Sainsbury’s has bought Nectar for £60m in a strategic drive to ensure it knows its customers “better than anyone else”.

The acquisition will see Sainsbury’s take over the UK business of Nectar-owner Aimia. That includes all assets, colleagues, systems and licences required for the full and independent operation of the Nectar loyalty programme in the UK.

“One of our strategic aims is to know our customers better than anyone else and obviously having ownership of the Nectar scheme allows us to do this and it’s a great opportunity,” a spokesperson for Sainsbury’s says.

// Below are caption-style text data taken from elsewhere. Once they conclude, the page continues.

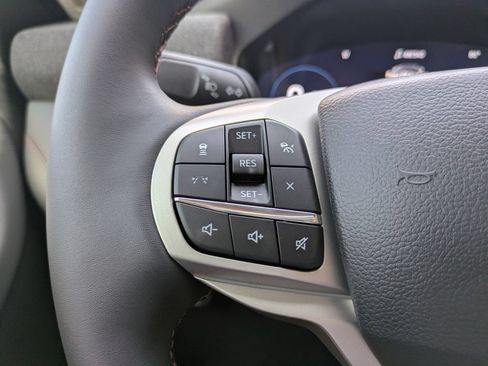 New 2026 Ford Explorer Active RWD image 32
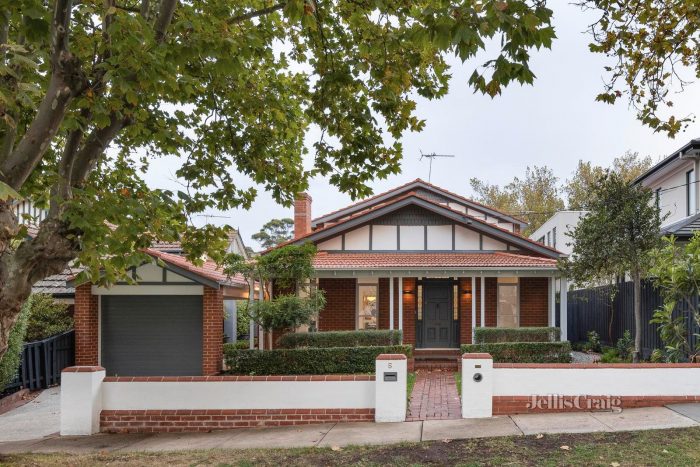 5 Netherlee St, Glen Iris VIC 3146, Australia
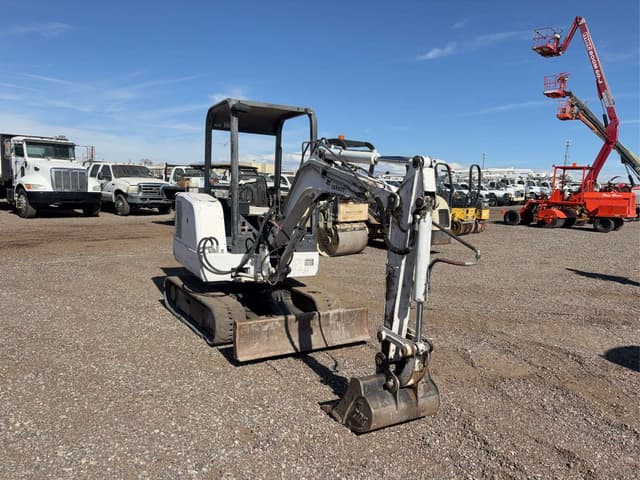 Image of Bobcat 325 equipment image 2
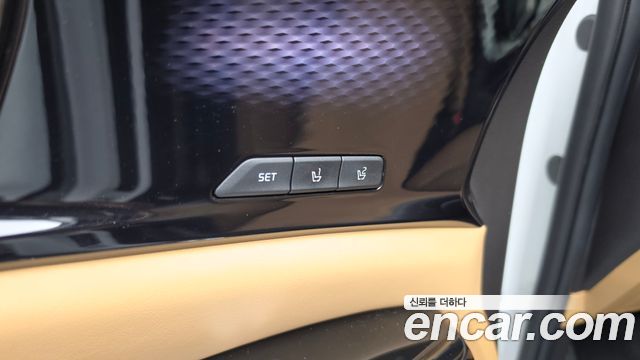 Kia Canival 2023 — photo 33
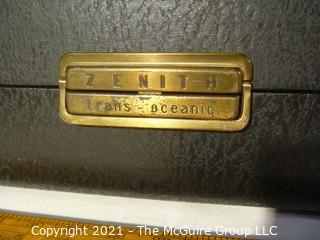 Collectible: Radio: Zenith Model H500 Trans-Oceanic Portable Radio L2493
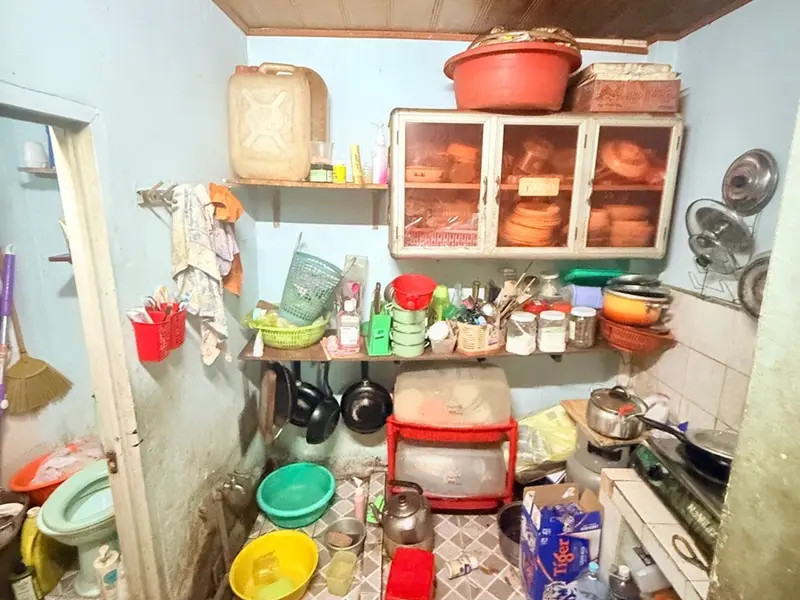 Nhà nhỏ xinh, vị trí vàng, giá siêu hời!... Bán nhà riêng tại Hòa Hưng, Hồ Chí Minh 01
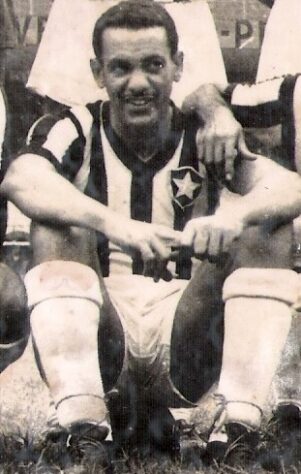 O meia-direita GENINHO, que atuou entre a década de 1940 e 1950, atuou em 425 partidas pelo Glorioso. Ele foi campeão carioca em 1948 e ficou bem popular por ter sido "pracinha" na Segunda Guerra Mundial.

There will be no change for customers as a result of the acquisition – and the organisational structure of the business will initially remain as it is. Nectar will also remain as a standalone scheme.

While there is a clear opportunity for Sainsbury’s in owning Nectar, it would seem the deal was in part led by Aimia’s desire to offload the programme.

Aimia’s group chief executive, David Johnston, says selling the Nectar business to Sainsbury’s – which was a founding partner of the Nectar coalition in 2002 – was the “optimal risk-adjusted outcome” for Aimia, and that it has worked to ensure a “seamless transition” for collectors and employees.

“The transaction allows for a sharper focus on Aeroplan, our largest and most profitable business, and simplifies our business all the while preserving a robust balance sheet for our ongoing business,” Johnston adds.